O sprawę zagrożenia ze strony wilków oraz mieszańców wilków z psami zapytał poseł Kazimierz Matuszny z Prawa i Sprawiedliwości, który zauważył, że ich wzrastająca liczebność powoduje coraz wyższe straty w pogłowiu owiec.
- Pierwszy problem jest związany z obecnością w lasach mieszańców psa z wilkiem. Ich występowanie prowadzi bowiem do zubożenia materiału genetycznego wilka oraz do odmiennych zachowań, do których prawdopodobnie w przyszłości będzie trzeba zaliczyć agresję w stosunku do ludzi – napisał w interpelacji poseł K. Matuszny, który zapytał jak resort klimatu i środowiska pochodzi do tego problemu oraz czy przewiduje się wprowadzenie dodatkowych mechanizmów ochronnych w stosunku do hodowli owiec w związku z wysoką śmiertelnością tych zwierząt na skutek wzrostu populacji drapieżników.
Problem hybrydyzacji
W odpowiedzi ministerstwo klimatu i środowiska podkreśliło, że istnieje problem tzw. hybrydyzacji wilków. - Mieszańce powstają najczęściej w sytuacjach, kiedy w okresie rozrodczym zabraknie samca wilka (np. w wyniku kolizji z pojazdem) i samica skojarzy się z wałęsającym się w lesie psem.
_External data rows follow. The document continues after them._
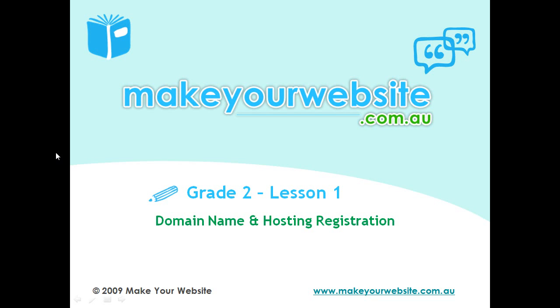Hi, Paul here from MakeYourWebsite.com.au. Over the next 5 to 10 minutes, I'm just going to run you through how to register your domain name and your website hosting.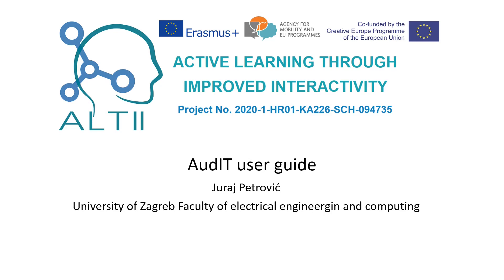Hello, my name is Juraj Petrovic. I'm the leader of the AudIT team at the University of Zagreb, Faculty of Electrical Engineering and Computing, and in this video I'm going to explain the purpose and main functions of AudIT, our audience response system developed within the Active Learning Through Improved Interactivity Erasmus Plus project.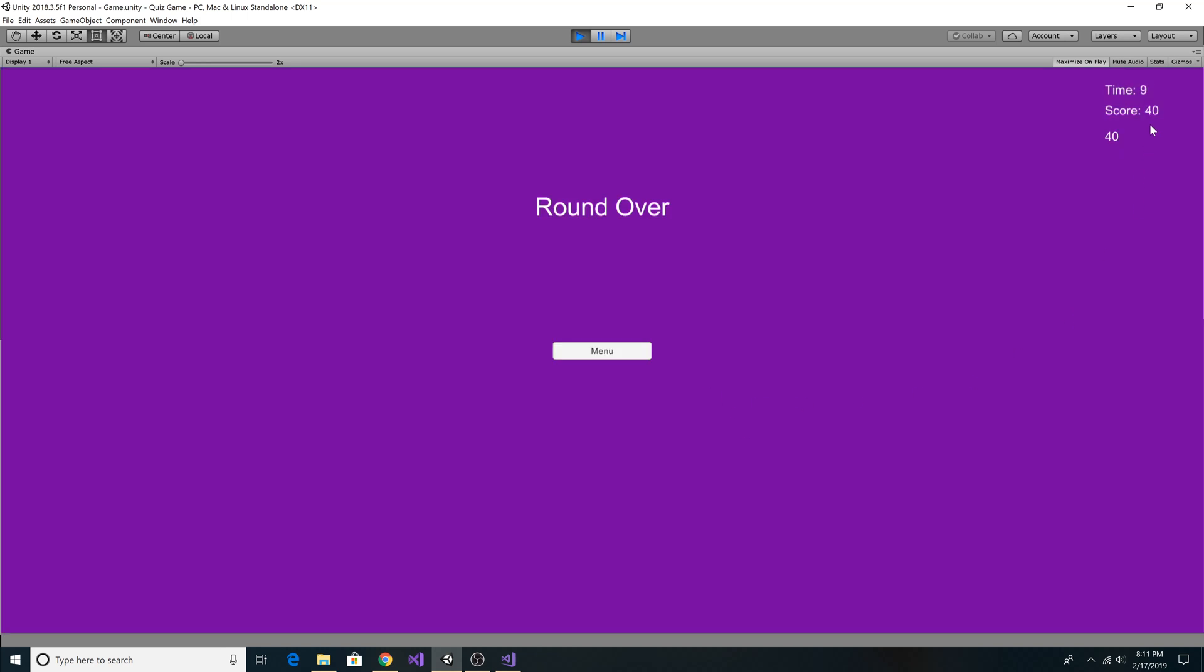And so we got a score of 40 for that round. And our highest score is 40. And there's no next button to go to the next round because there's no other rounds. And we had nine seconds remaining in that round. So let's go back to the main menu. Click the menu button.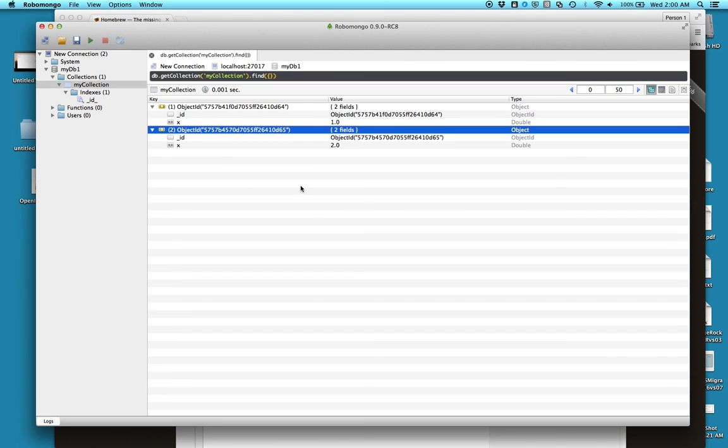Okay, and there it is. Again, as you can probably tell, still learning how to use it. But yeah, that gives you a quick demonstration on how to install MongoDB. Please like the video and subscribe as well. All right, guys. Have a good night.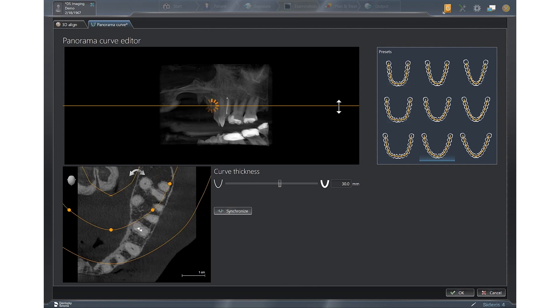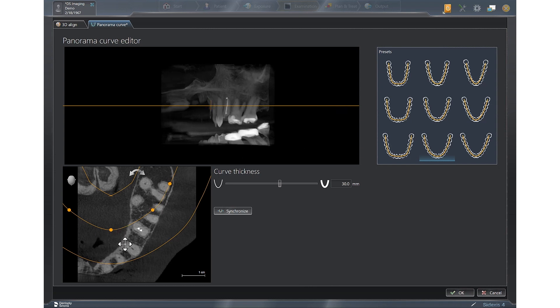You do not need to move the orange line as you did previously because as you can see in the arch form, you can see the entire arch. You also are going to leave the curve thickness where it is.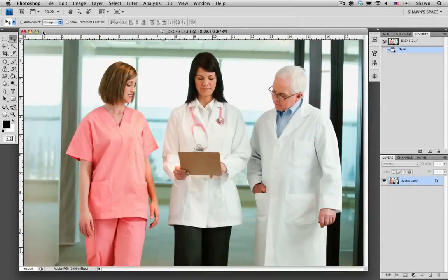Hi, welcome to Contributor Tutorials, my name is Sean, and today I'm going to show you how to straighten a crooked photo.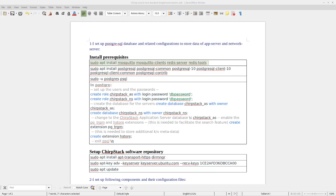Hello, good morning everyone. In this tutorial I'm going to show you how to run a LoRa backend server locally in your system through SherpaStack backend server. First of all, based on this text which I have prepared, we need to install prerequisites.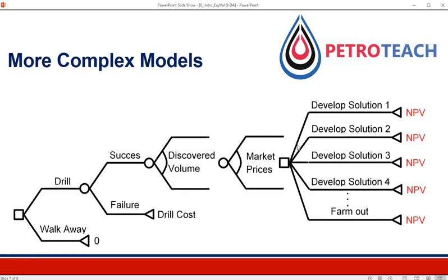A more complex decision tree model should look like this: we have uncertainty about success or failure, we also have uncertainty about how much volume we discover — we may find a large amount or a small amount. Then there's also uncertainty about prices in the market. After all these uncertainties, there's also a decision about how we could develop this field. Even further on there are other decisions and uncertainties.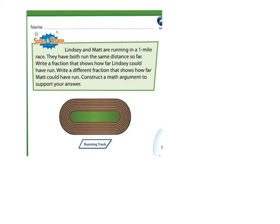Lindsay and Matt are running in a one-mile race. They have both run the same distance so far. Write a fraction that shows how far Lindsay could have run. Write a different fraction that shows how far Matt could have run. Construct a math argument to support your answer.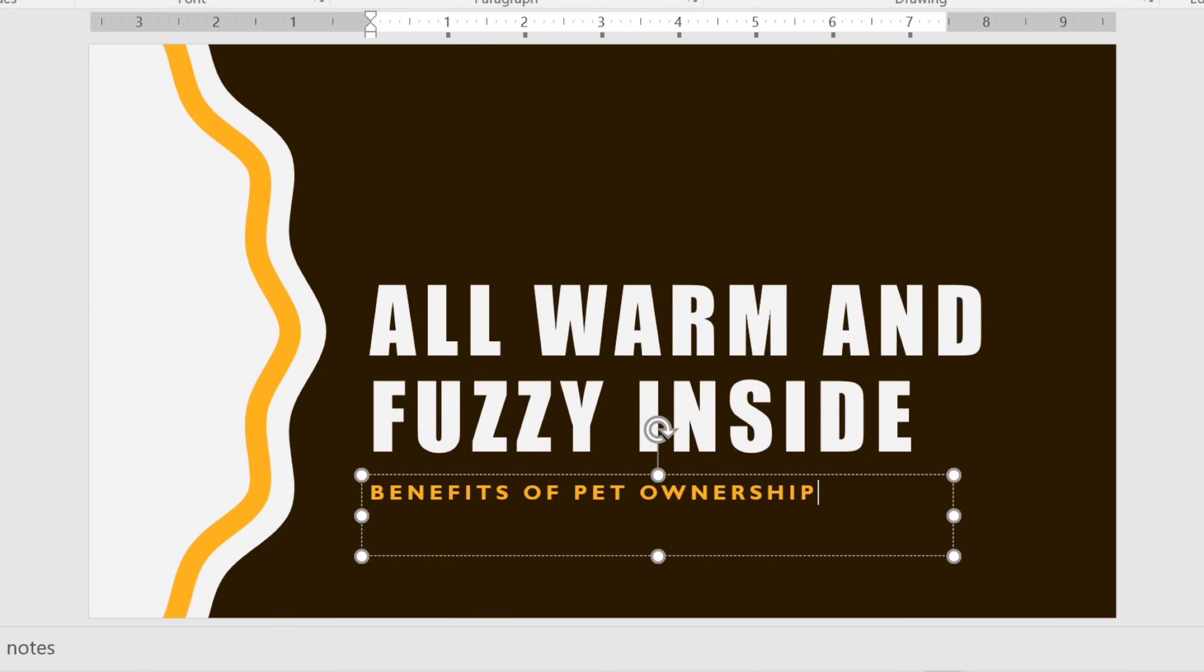You can also use your keyboard's arrow keys to move the insertion point left, right, up, or down. This is useful if you only need to move a few spaces or lines at a time, but you can also jump over entire words at a time. Hold the Ctrl key and press the left or right arrow keys to jump over one word at a time.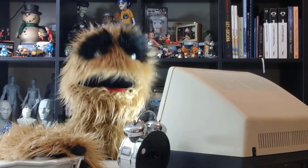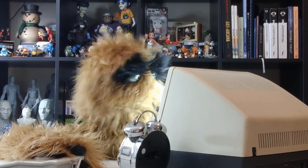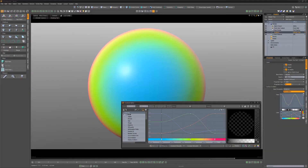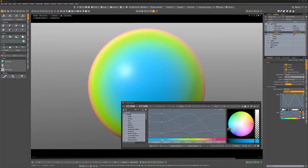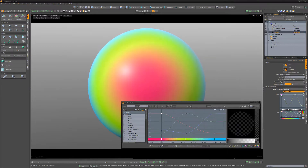Floyd here with a quick look at inverting keys in the Graph Editor in Modo. To flip the horizontal and vertical positions of keys in the Graph or Gradient Editor, simply select the keys you'd like to edit, right-click on the gradient bar, and choose Invert.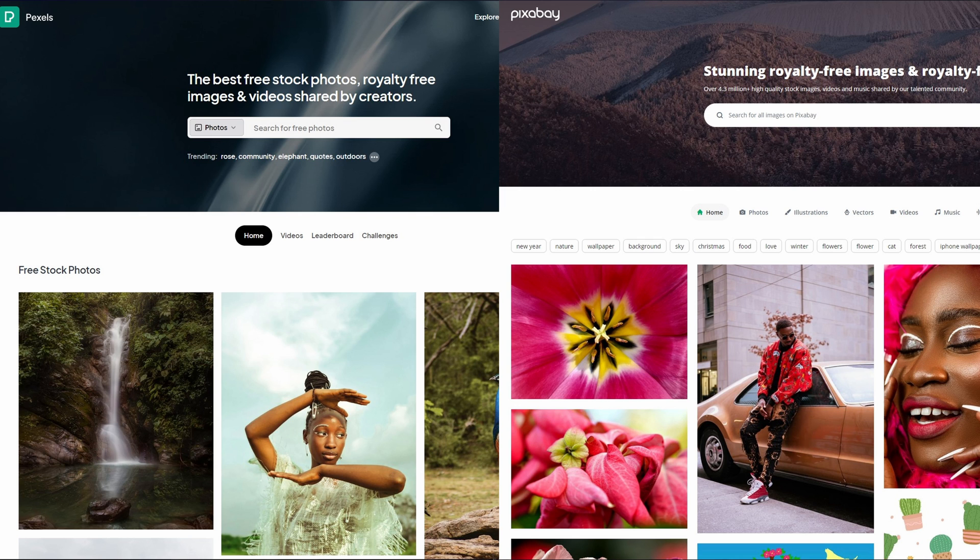As a little disclaimer, remember that taking somebody else's content without their permission might get you in trouble because it violates copyright. Always make sure that you're allowed to use the content. There are many sites such as Pixabay and Pexels that offer free content for you to use.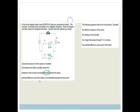The potential difference across the battery — connecting more bulbs in parallel causes the potential difference across the battery to increase, decrease, or remain the same. In this case, it will remain the same because there is no internal resistance.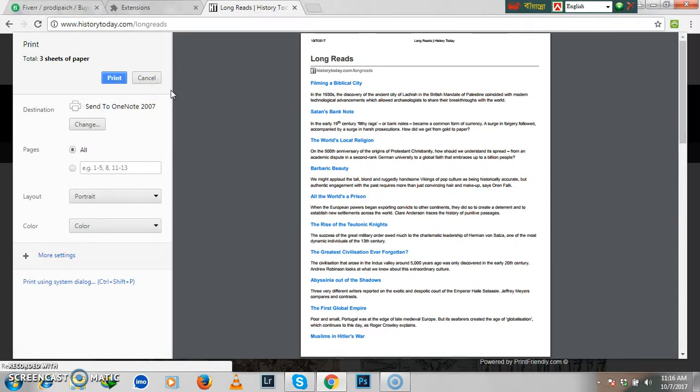So I think you guys will use this extension for webpage printing. Thanks for watching my tutorial attentively. Please leave your comment in the box below. I will be available next time. Thanks for watching.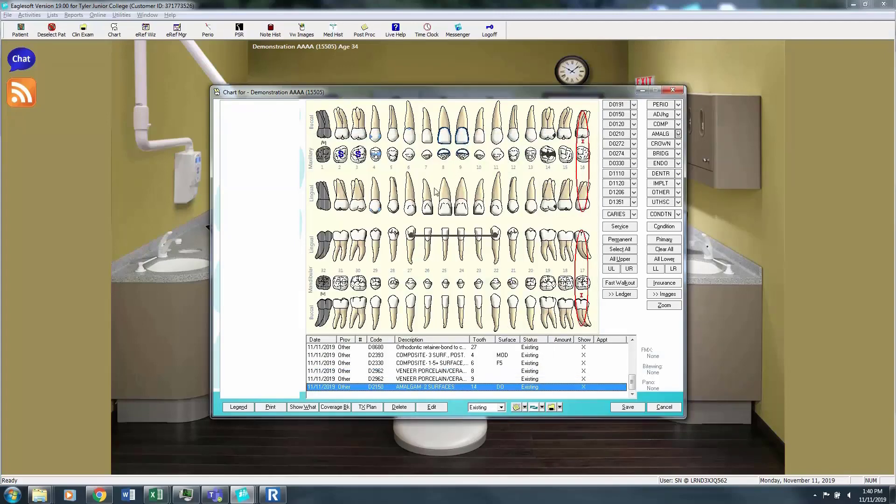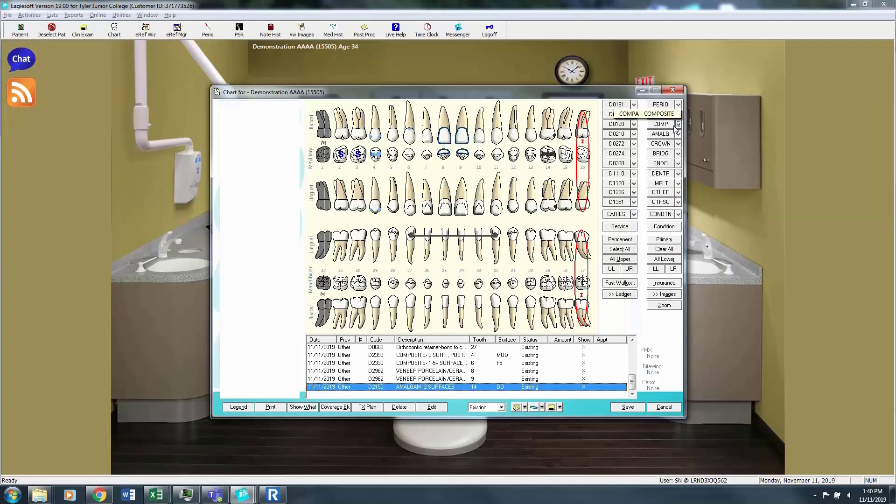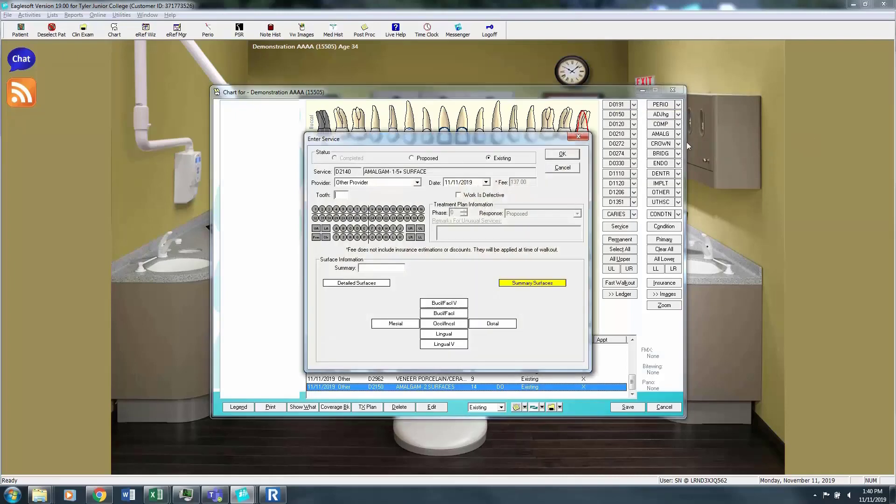So everything you need to chart the patient is going to be here on the right hand side for the most part. And use the drop down menu. Even when you're doing competencies, these drop down menus will populate exactly what you need to be selecting.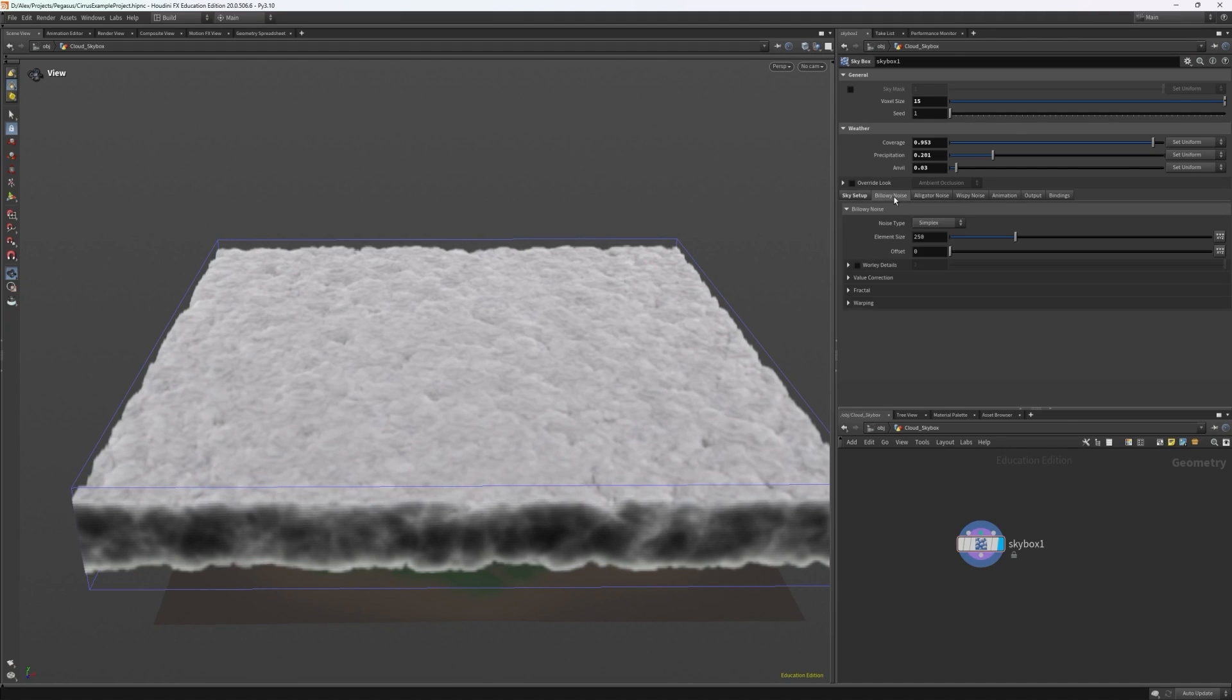Again what I want to create is a flat thick layer with some noisy height variation and I also want to have some gaps to let sun shafts through.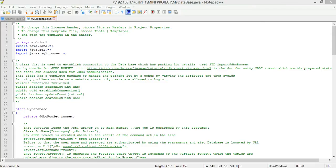Because JdbcRowSet is a connected rowset — it continually maintains its connection to the database using a JDBC technology-enabled driver — it effectively makes the driver a JavaBeans component. An instance of JdbcRowSet can take calls invoked on it and in turn call them on its ResultSet object. Another advantage is that it can make a ResultSet scrollable and updatable. All rowset objects are by default scrollable and updatable.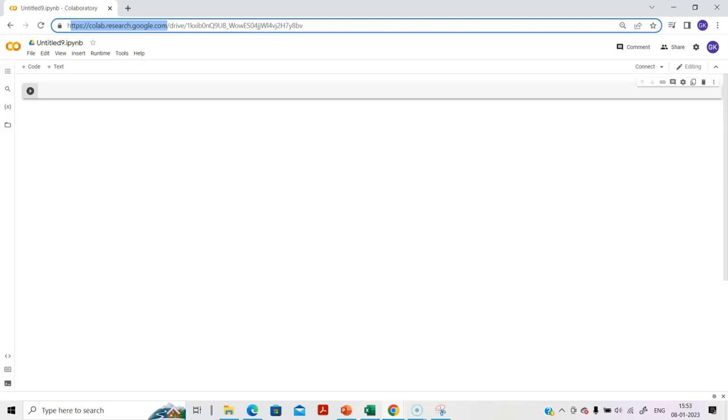Certain basic knowledge of Python and machine learning is required, and we will be using Colab as the development environment for this. You just need to type colab.research.google.com. You will see the page that you are seeing on your screen.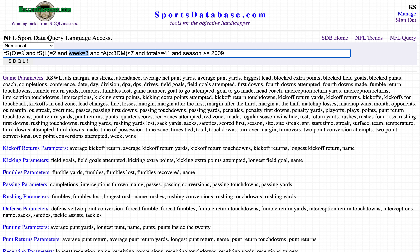Teams' average opponents' third downs made fewer than seven, so they're not allowing a ton of third down conversions — we don't want a team with a horrible defense. The total is at least 41, going all the way back to 2009.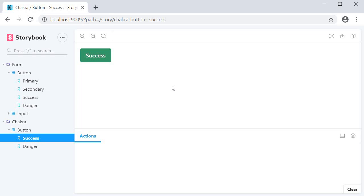Welcome back everyone. Now that we have a good understanding of the fundamentals of Storybook, we can start looking at add-ons. Add-ons, as the name indicates, implement extra features for Storybook to make them more useful.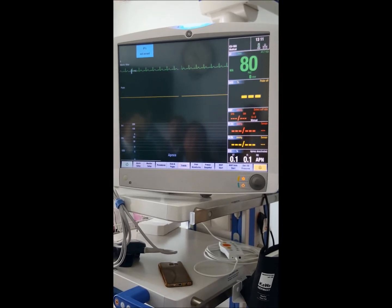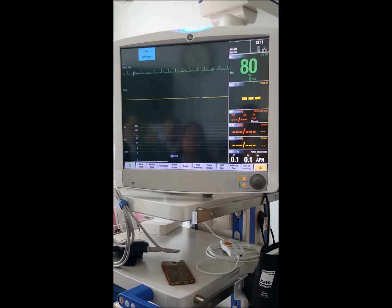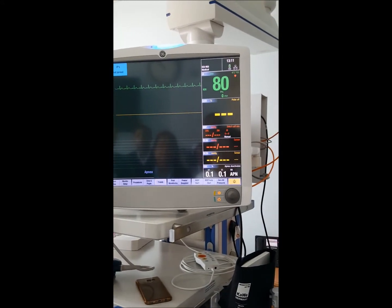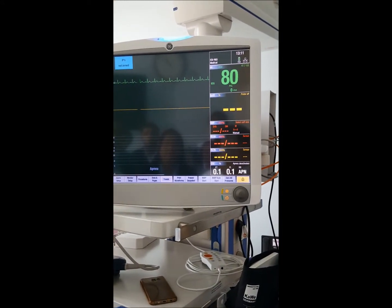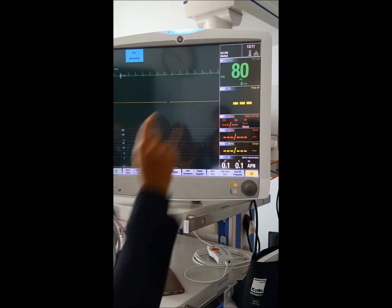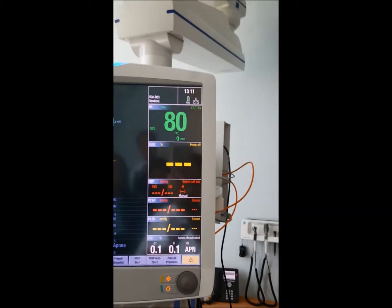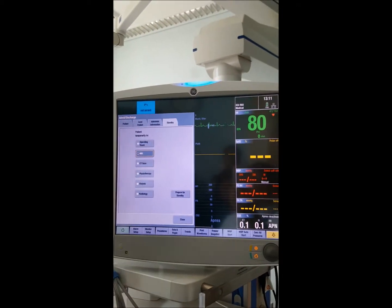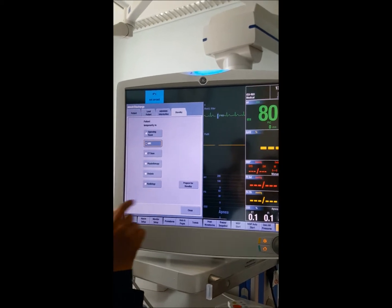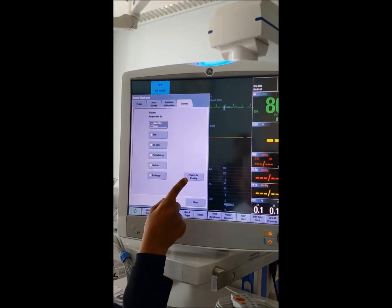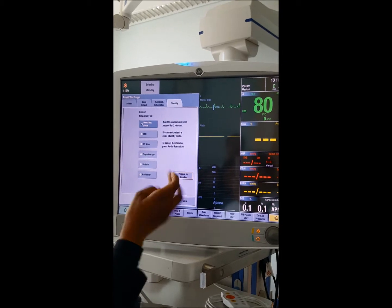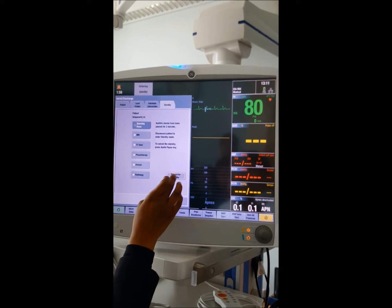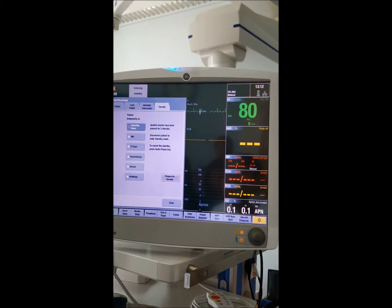One last thing: how to put the monitor in standby. If the patient is going for an MRI or CT scan, there is no need to discharge or switch off the monitor. Click the box, press standby, and indicate where the patient is going — for example, MRI or operating room.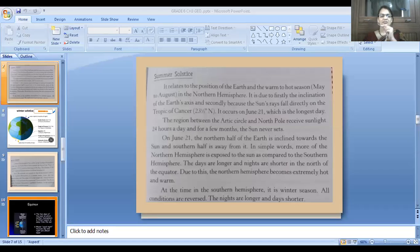We have gone through the motions of the earth, that is rotation. Today we will start with the revolution. Rotation causes day and night. I will share a PowerPoint presentation with you and start with the earth's revolution.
Hybrydy najczęściej można odróżnić po cechach zewnętrznych, np. po nietypowym umaszczeniu, albo cechach fizjologicznych, np. urodzeniu w innym niż typowych dla wilka miesiącach – kwietniu, maju, jak również w oparciu o badania genetyczne- napisała wiceminister Małgorzata Golińska.